[What to work on]
Every picture stays out; everything else in the listing below is to be returned exactly.

[Data excerpt Boundary: Start]

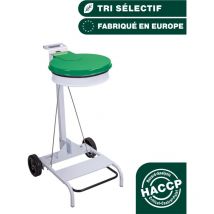 Porte sac rond mobile à pédale couvercle Vert - Matériel professionnel - JVD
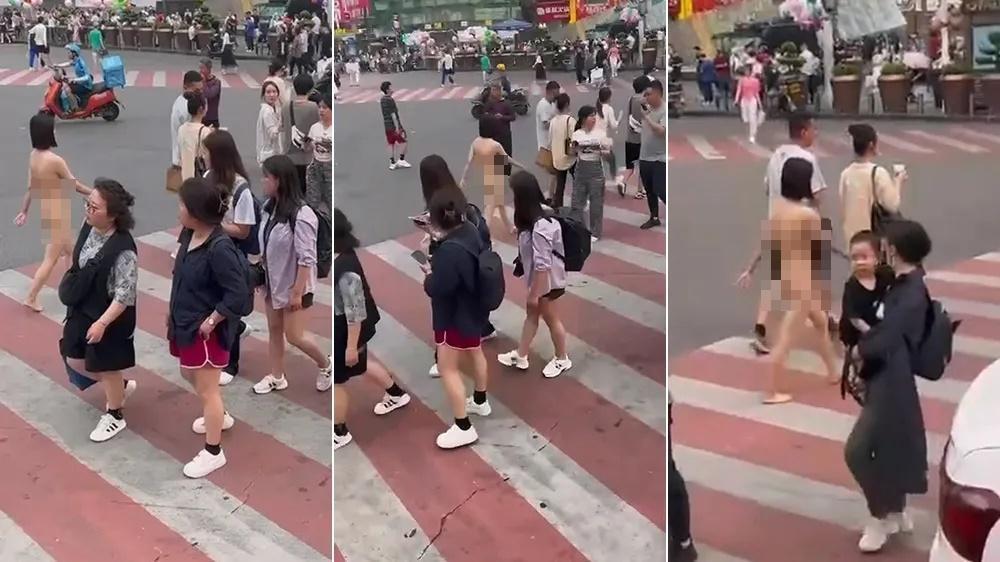 中國湖南長沙市一名女子光溜溜上街,引來路人回頭。(翻攝自微博)
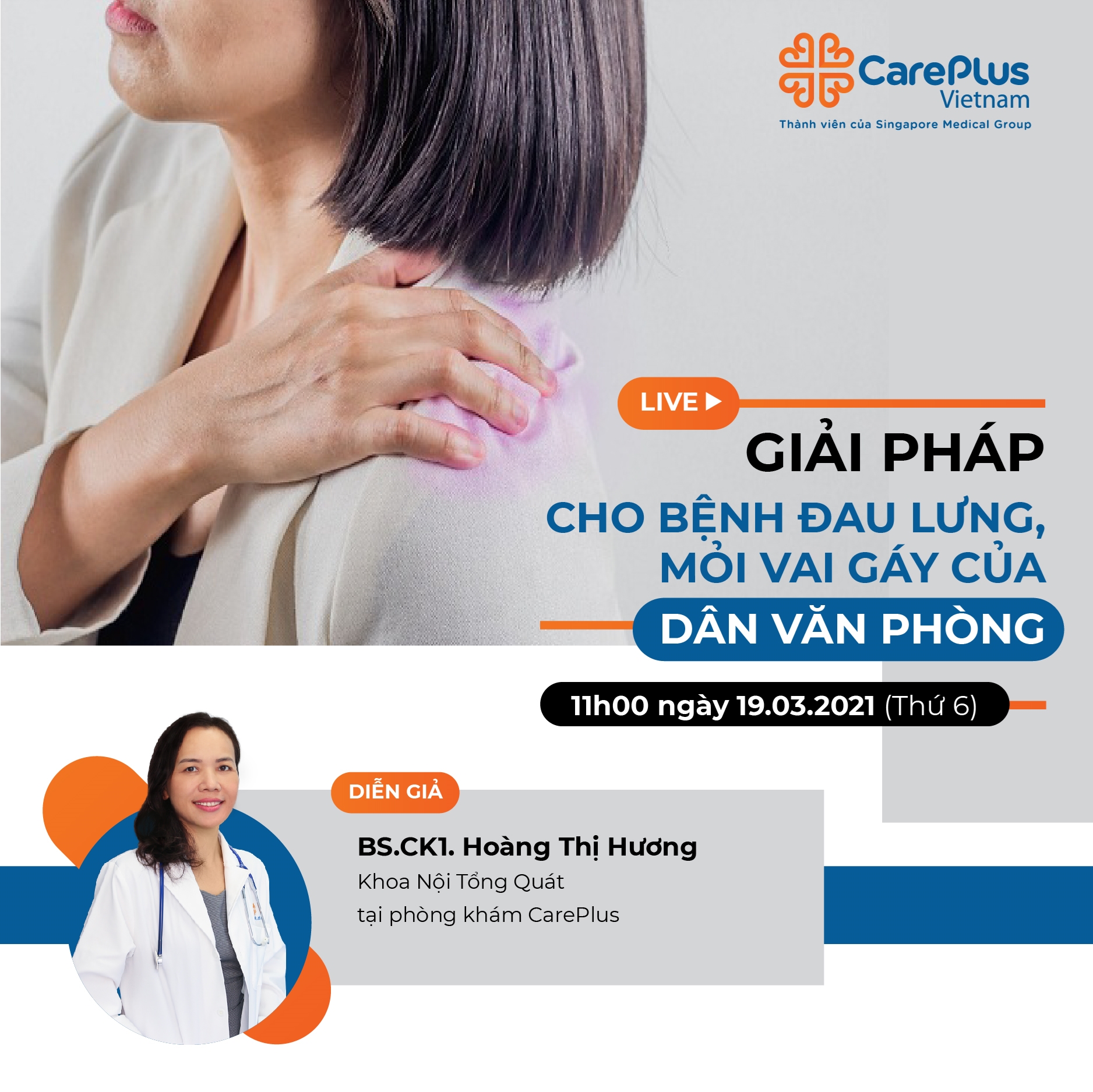 Livestream ''GIẢI PHÁP CHO BỆNH ĐAU LƯNG, MỎI VAI GÁY CỦA DÂN VĂN PHÒNG”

[Data excerpt Boundary: End]

[Task output]
 Porte sac rond mobile à pédale couvercle Vert - Matériel professionnel - JVD
 中國湖南長沙市一名女子光溜溜上街,引來路人回頭。(翻攝自微博)
 Livestream ''GIẢI PHÁP CHO BỆNH ĐAU LƯNG, MỎI VAI GÁY CỦA DÂN VĂN PHÒNG”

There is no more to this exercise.